Symbolism, Imagery, Allegory
If you're like us, the mere thought of dolls coming to life sends you diving for the covers. But not Sara. To her, dolls are people. "Dolls ought to be intimate friends," she tells her father and Miss Minchin: "[Emily] is going to be my friend when papa is gone. I want her to talk to about him" (1).
Sara's doll Emily has a name before she exists. Well—she exists, but Sara doesn't have her. She and her father drive all over London looking for Emily, before Sara finally finds her. When she does, Sara introduces her to her father just as if she's actually a real little girl.

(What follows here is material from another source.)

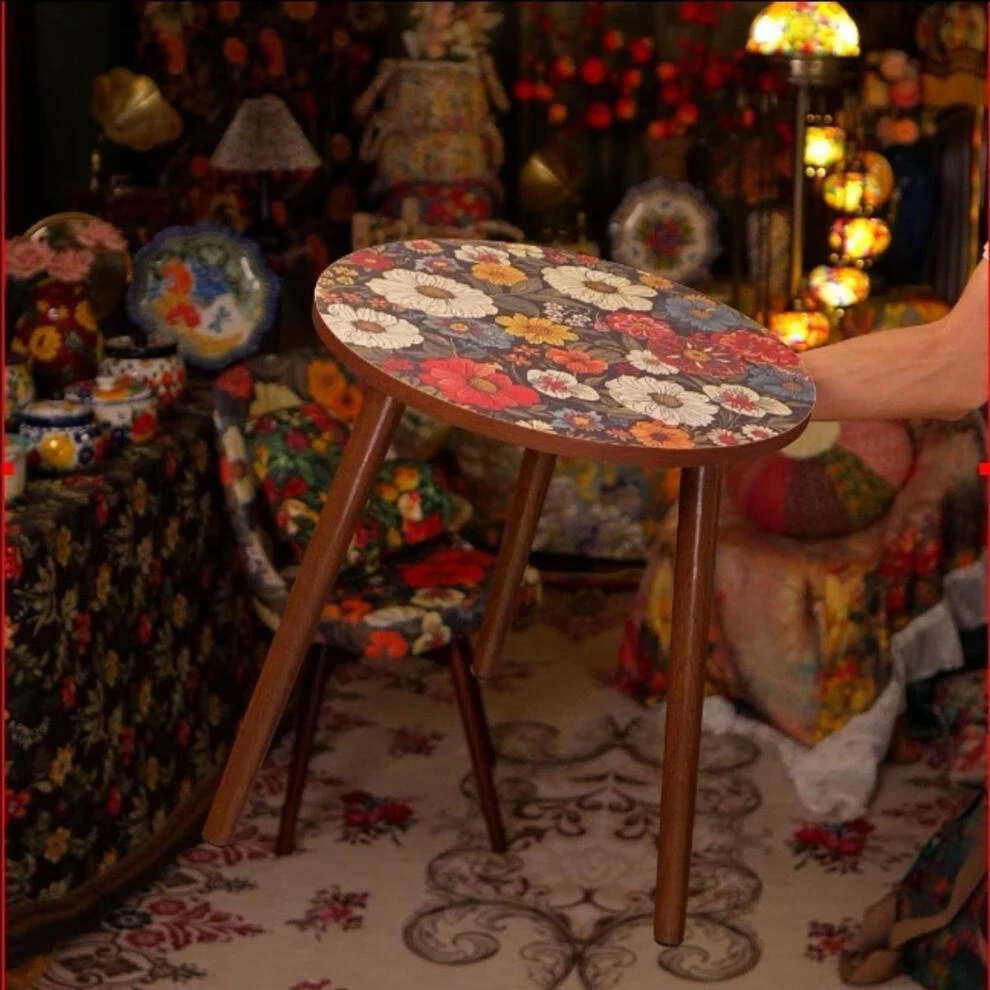 【新疆包邮】繁花茶几曼陀罗风边北欧图案卧室小圆桌客厅角几床头桌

Sara isn't the only one who treats Emily like a little girl. Our narrator does, too. Check out the way she's described: "she had naturally curling golden-brown hair, which hung like a mantle about her, and her eyes were a deep, clear, gray blue, with soft, thick eyelashes which were real eyelashes and not mere painted lines" (1). If you didn't know this was a doll, you'd think it was one of Miss Minchin's prettier students.
What's the point of all this? Well, it shows us that Sara is creative and imaginative, for one. And it also shows us that Sara can love just about anything.
But Emily also symbolizes the way that Sara has to grow up. She never stops loving Emily, exactly, but she does begin to see that dolls might not be a substitute for real-life family. During one of her really bad nights in the attic, she actually yells at Emily:
"You are nothing but a DOLL!" she cried. "Nothing but a doll—doll—doll! You care for nothing. You are stuffed with sawdust. You never had a heart. Nothing could ever make you feel. You are a DOLL!" (10.34)
Of course Sara immediately realizes that Emily can't help being a doll—but we think that this is pretty important moment for Sara's character, because it shows her growing up. Now, instead of adopting Emily, she thinks more seriously about the poor children all around her.
One thing we noticed is that Emily basically disappears once Mr. Carrisford adopts Sara. Instead of worrying about Emily, Sara learns to care for Becky and Anne, the little beggar girl. It's almost like Emily was practice: just like little girls were supposed to practice being mothers with dolls, Sara learned how to be kind and compassionate with Emily.
But eventually, everyone has to grow up.
The Last Doll
Sara knows she has to grow up. When she gets a doll on her eleventh birthday, she ominously call is "The Last Doll." (With a name like that, you know this story isn't going anywhere good.)
The Last Doll symbolizes the end of Sara's childhood for her, and for the book it symbolizes the end of her privileged, pampered life. Sure, by the end of the story she's a little princess again. But she's suffered. She's lost her beloved dad, and she's seen first-hand how cruel people can be. She realizes that dolls have no place in the real world—not just the world of adulthood, but a world in which little girls are starved and beaten.
Kind of a bummer, right? Well, the point is (we think) the Sara learns to rely on herself rather than on a doll. Instead of imagining stories about dolls, she imagines stories about herself. And that gives her a kind of maturity that dolls never could.